Я стремительно прошла через кабинет к нему. Шура поднялся мне навстречу, мы крепко пожали друг другу руки. Но следователь вскочил и почти развел наши руки.
— Садитесь здесь, — указал он мне на стул против Шуры по другую сторону стола. — Ваш муж просил у нас свидания с вами. Так как следствие по вашему делу, собственно, закончено, мы решили удовлетворить его просьбу и предоставить вам получасовое свидание.
Я смотрела на Шуру, — бледное, землистое, отекшее лицо…
— Ты голодал? — спросила я. Это неважно. Как видишь, я чувствую себя хорошо,
— Сколько дней?
— Одиннадцать, — ответил Шура.
— Вам не для этого предоставлено свидание, — перебил нас следователь. Шура заговорил очень быстро.
— Я очень беспокоился. Ведь ты сидишь без денег, без выписки продуктов. Следователь обещает перевести деньги с моего лицевого счета.
— А ты?
— Я получаю посылки от матери. «Значит, о нашем аресте знает Марья Михайловна», — мелькнуло у меня в голове. Шура продолжал.
— Следователь заверил меня, что следствие скоро будет закончено. Тогда нам дадут длительное свидание.
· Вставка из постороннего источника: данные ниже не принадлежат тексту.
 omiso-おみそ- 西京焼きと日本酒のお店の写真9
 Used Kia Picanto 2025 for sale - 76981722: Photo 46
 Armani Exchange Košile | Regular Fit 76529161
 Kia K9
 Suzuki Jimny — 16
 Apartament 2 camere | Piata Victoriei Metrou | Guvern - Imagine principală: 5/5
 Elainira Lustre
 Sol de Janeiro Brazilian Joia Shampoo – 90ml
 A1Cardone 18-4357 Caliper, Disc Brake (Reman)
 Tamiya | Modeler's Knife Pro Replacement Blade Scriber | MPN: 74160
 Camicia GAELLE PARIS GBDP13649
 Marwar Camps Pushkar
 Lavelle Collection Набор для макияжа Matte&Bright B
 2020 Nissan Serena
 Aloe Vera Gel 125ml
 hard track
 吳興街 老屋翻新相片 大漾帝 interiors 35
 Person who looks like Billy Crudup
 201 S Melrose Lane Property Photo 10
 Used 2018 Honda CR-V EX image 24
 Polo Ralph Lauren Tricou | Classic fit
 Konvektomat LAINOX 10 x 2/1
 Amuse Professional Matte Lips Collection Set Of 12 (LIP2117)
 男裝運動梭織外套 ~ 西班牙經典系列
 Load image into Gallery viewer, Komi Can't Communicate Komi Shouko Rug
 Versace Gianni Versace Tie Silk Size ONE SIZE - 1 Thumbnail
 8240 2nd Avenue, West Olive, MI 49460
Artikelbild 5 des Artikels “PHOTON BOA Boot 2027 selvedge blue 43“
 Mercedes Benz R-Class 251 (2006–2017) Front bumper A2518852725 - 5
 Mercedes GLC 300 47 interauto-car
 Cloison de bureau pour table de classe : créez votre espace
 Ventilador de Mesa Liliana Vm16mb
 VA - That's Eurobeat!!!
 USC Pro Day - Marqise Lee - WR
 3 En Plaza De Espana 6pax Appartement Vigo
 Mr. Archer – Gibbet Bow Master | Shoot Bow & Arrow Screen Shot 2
Пока мне обещаны книги и газеты.
— Ты все время сидел без книг?
— Да. Сергей Сидоров
Не помню, о чем я спросила Шуру, но кто-то из-за моей спины вмешался, бросил реплику. Я быстро оглянулась. Я не заметила раньше присутствия четвертого в кабинете. На мгновение я встретилась взглядом с человеком в чекистской форме, сидевшим за моей спиной на диване. Всего на одно мгновение встретились мы глазами, сидевший опустил голову, даже прикрыл лицо рукой. Тогда я не обратила на этот жест внимания. Я была увлечена беседой с Шурой. Мы пытались сказать друг другу что-то, понятное нам одним. Но когда свидание наше кончилось, когда я вернулась в свою камеру и стала заново переживать все мелочи нашей встречи, меня встревожил вопрос: что за человек сидел за моей спиной? Почему его лицо показалось мне таким знакомым? Где я могла его видеть? Почему он закрыл лицо рукой?
Я не могла вспомнить. Когда я улеглась на койку и закрыла глаза, лицо незнакомца снова всплыло передо мной. Я всматривалась, всматривалась в него… и вдруг оно исчезло. На место его всплыло другое — лицо юноши, которого я знала восемь лет назад. Лицо под студенческой фуражкой, еще безусое. Я хотела вглядеться в него, но оба лица слились в одно. И я уже не могла себе представить ни того прежнего, ни сегодняшнего. «Сергей Сидоров», — вслух сказала я и села на койке. Я хотела, чтобы этот кошмар пропал, исчез, я хотела разделить, размежевать оба эти лица и не могла. Прошлое ожило во мне с такой реальностью, как будто это было вчерашним днем…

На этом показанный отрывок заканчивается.